=== TASK PROMPT ===
Only lines holding the string "treat" are wanted; copy each one from the material.

=== TASK MATERIAL ===
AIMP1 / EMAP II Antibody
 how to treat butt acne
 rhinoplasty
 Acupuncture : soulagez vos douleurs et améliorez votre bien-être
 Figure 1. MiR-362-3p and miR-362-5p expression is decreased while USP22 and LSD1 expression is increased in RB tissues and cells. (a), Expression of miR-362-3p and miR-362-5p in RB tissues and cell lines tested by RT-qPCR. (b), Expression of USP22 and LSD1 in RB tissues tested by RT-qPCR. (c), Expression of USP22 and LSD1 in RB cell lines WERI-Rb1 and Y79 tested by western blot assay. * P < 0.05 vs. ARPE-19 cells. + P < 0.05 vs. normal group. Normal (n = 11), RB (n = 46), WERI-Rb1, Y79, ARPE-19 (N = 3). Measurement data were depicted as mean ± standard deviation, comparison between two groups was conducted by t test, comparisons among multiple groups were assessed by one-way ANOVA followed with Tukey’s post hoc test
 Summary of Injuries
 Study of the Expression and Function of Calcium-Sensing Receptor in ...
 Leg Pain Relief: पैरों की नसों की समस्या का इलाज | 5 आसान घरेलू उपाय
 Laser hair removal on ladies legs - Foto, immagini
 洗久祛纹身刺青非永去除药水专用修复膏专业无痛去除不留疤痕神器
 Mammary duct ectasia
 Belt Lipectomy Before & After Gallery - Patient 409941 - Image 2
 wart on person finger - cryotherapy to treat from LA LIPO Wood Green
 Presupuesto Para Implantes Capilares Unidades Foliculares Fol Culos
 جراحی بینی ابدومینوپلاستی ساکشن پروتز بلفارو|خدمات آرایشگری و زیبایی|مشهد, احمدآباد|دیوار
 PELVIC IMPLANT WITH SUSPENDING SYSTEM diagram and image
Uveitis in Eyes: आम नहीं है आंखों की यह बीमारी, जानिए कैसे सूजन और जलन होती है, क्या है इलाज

=== SOLUTION ===
 how to treat butt acne
 wart on person finger - cryotherapy to treat from LA LIPO Wood Green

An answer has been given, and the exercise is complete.